It might be useful to some future programmer to override the CreateUser method and use a completely different algorithm, but for now, let's assume that it works, and that changes will only apply to the sub steps like encrypting passwords.
To allow for inheritance, we need to modify our SecurityManager class to expose those sub methods that we think could be overridden with different behaviour. We don't want people calling these methods directly; to do so would enable someone to insert user records without inserting the necessary AuditTrail records.
We need to change these methods from private to protected. This will let classes that inherit from SecurityManager see the methods, but won't allow other classes in the system call them directly. We also want our sub class to be able to override the behaviour of the three protected methods. To achieve this, we mark the routines as virtual.
We know that the password encryption can vary, and so can the Insertion of User Data. So far, there is no suggestion that the way we update the Audit Trail can vary. We take the decision that the only methods that we will allow to be overridden are EncryptPassword and InsertUserDetails. We leave AuditTrailCreateUser private and non-virtual. AuditTrailing isn't something that programmers should be screwing around with. We don't want someone overriding the method so that no audit trail is kept.
If we hadn't broken the CreateUser method into its three sub routines, we wouldn't have the option to selectively open up part of the algorithm for modification. It would have been all or nothing. Our refactoring is already paying dividends.
What we've actually done is modify our code to match a well known Design Pattern called the Template Method Design Pattern. If you haven't paid much attention to Design Patterns, it's time to start. Virtually, every design problem that you encounter has been solved and documented by someone else. Design Patterns are the language we use to communicate those solutions.
Apart from providing ready made solutions to common problems, Design Patterns can actually reprogram the way you think about software design and programming. Once you grasp a pattern like the Template Method, you will never again write code like the initial code in this article.
Here's our revised SecurityManager code, now containing two protected virtual methods. Apart from these changes, the code is identical to the previous version.
class SecurityManager
{
public void CreateUser(string username, string realName, string password)
{
string encryptedPassword = GetEncryptedPassword(password);
InsertUserDetails(username, realName, encryptedPassword);
AuditTrailCreateUser(username);
}
protected virtual string GetEncryptedPassword(string password)
{
char[] array = password.ToCharArray();
Array.Reverse(array);
return new string(array);
}
protected virtual void InsertUserDetails(string username,
string realName, string encryptedPassword)
{
Console.Write(String.Format("Default Behaviour\n
Inserting Details for User ({0}, {1}, {2})\n\n",
username, realName, encryptedPassword));
}
private void AuditTrailCreateUser(string username)
{
Console.Write(String.Format("Default Behaviour\n
AuditTrail Create User ({0})\n\n", username));
}
}
Creating a subclass
The base class makes inheritance possible, but it's the derived class that actually makes it happen. Let's take the simplest example we can think of. We'd like the process of creating a user to work exactly like it did previously, but we don't want the password to be encrypted at all, this will meet the needs of the French office.

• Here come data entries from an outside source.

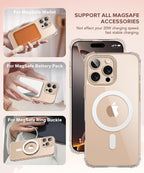 Entronix Bundle Compatible with iPhone 16 Pro Max - [Magnetic] Clear Case & 2 Clear Screen Protectors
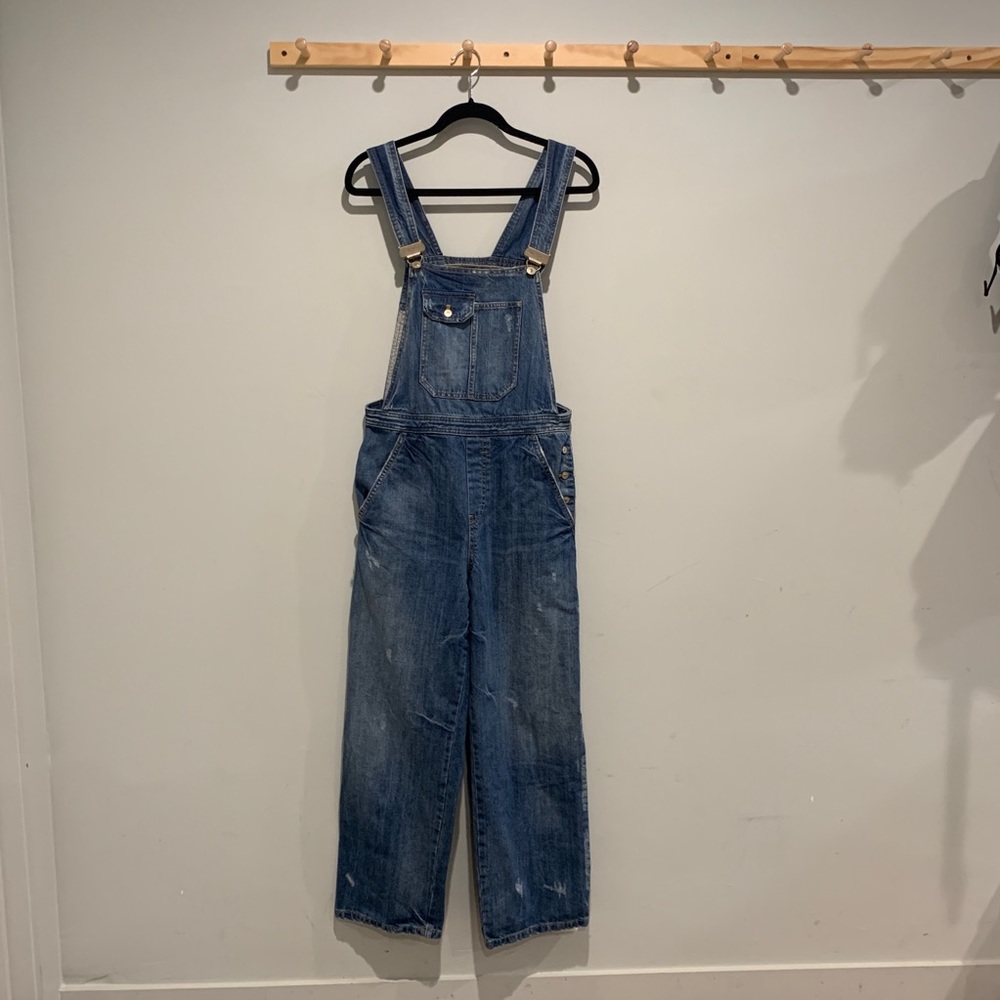 Zara Denim Overalls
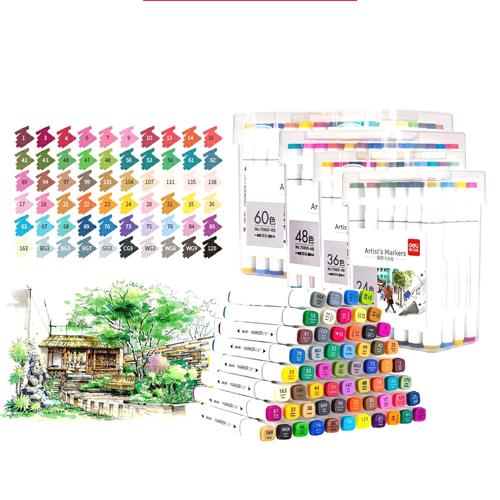 Jual Deli Artist's Alcohol Based Marker Twin Tip Markers Spidol Dual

We create a new class called NoEncryptionSecurityManager. It inherits from SecurityManager. We override the GetEncryptedPassword method so that instead of performing encryption, we simply return whatever password is passed in.

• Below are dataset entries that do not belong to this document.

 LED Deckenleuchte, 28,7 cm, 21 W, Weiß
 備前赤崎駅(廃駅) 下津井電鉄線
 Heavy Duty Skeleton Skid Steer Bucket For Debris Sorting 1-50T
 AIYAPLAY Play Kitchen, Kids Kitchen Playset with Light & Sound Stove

class NoEncryptionSecurityManager: SecurityManager
{
protected override string GetEncryptedPassword(string password)
{
return password;
}
}
Note that we don't mention the other methods at all. This is the key to the Template Method Design Pattern. Our new class behaves just like its parent, except for the behaviour that it specifically overrides.

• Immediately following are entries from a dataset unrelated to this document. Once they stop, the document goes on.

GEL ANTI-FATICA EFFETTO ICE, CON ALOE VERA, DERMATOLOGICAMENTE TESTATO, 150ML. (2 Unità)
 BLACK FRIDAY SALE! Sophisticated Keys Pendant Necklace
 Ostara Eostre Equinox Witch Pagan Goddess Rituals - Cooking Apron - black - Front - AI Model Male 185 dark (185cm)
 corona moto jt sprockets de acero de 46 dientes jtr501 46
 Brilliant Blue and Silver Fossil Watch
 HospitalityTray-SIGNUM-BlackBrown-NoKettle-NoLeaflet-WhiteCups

If you want to visually grasp what's happening here, imagine that at runtime, this new version of GetEncryptedPassword is cut and pasted into the base class, replacing the original GetEncryptedPassword method.
We don't always have to completely re-implement the method when we override it. Sometimes we're happy with what it's doing, but we'd like to add an extra step. The next example overrides GetEncryptedPassword, but it calls the original implementation in the base class using the 'base' identifier. It then adds the extra step of converting the result to Upper Case.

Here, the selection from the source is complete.